Reproduce everything from the line that contains "Kép 2/5 - Hikvision" down to the line that contains "藥用復(fù)合膜包裝袋摩擦系數(shù)不穩(wěn)定的核心原因" in the listing below, word for word and nothing more. Leave the pictures out.

▸ Material to process

◇ ◇ ◇

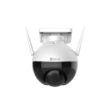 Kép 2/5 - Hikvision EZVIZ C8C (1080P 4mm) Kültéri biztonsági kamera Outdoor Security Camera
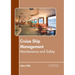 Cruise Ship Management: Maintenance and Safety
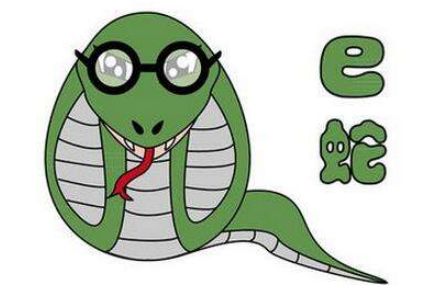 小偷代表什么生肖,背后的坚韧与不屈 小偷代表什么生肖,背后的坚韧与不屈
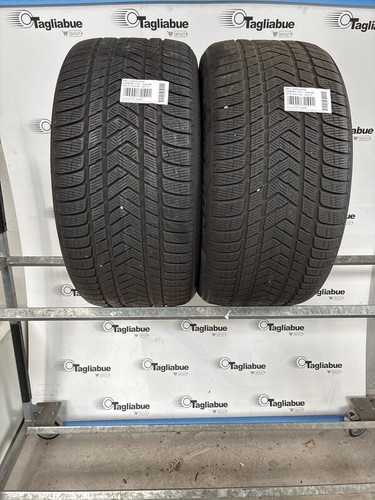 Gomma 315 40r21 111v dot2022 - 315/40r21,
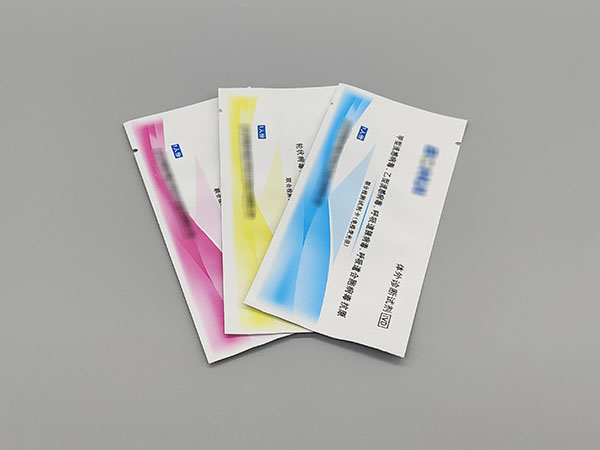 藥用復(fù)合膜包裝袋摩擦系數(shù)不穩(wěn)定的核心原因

◇ ◇ ◇

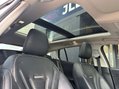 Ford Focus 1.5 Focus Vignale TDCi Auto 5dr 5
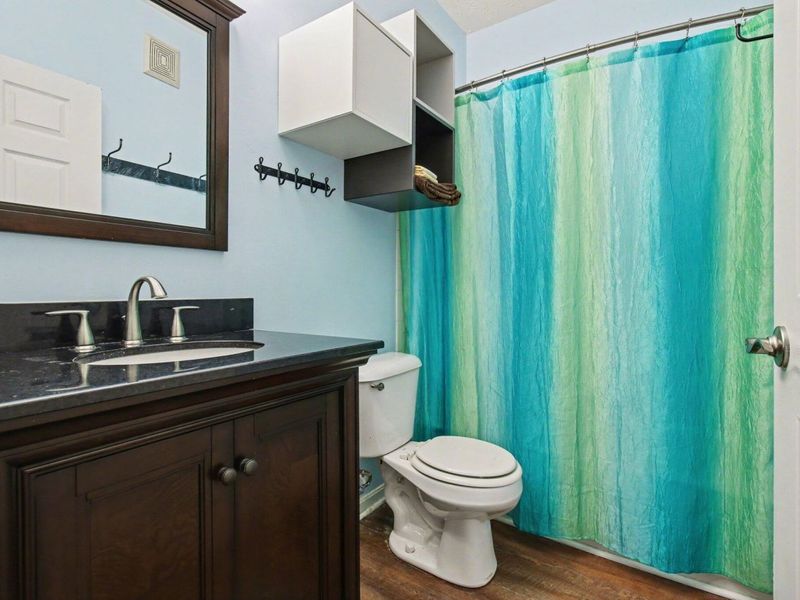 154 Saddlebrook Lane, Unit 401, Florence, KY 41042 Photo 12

◇ ◇ ◇

▸ Answer space
 Kép 2/5 - Hikvision EZVIZ C8C (1080P 4mm) Kültéri biztonsági kamera Outdoor Security Camera
 Cruise Ship Management: Maintenance and Safety
 小偷代表什么生肖,背后的坚韧与不屈 小偷代表什么生肖,背后的坚韧与不屈
 Gomma 315 40r21 111v dot2022 - 315/40r21,
 藥用復(fù)合膜包裝袋摩擦系數(shù)不穩(wěn)定的核心原因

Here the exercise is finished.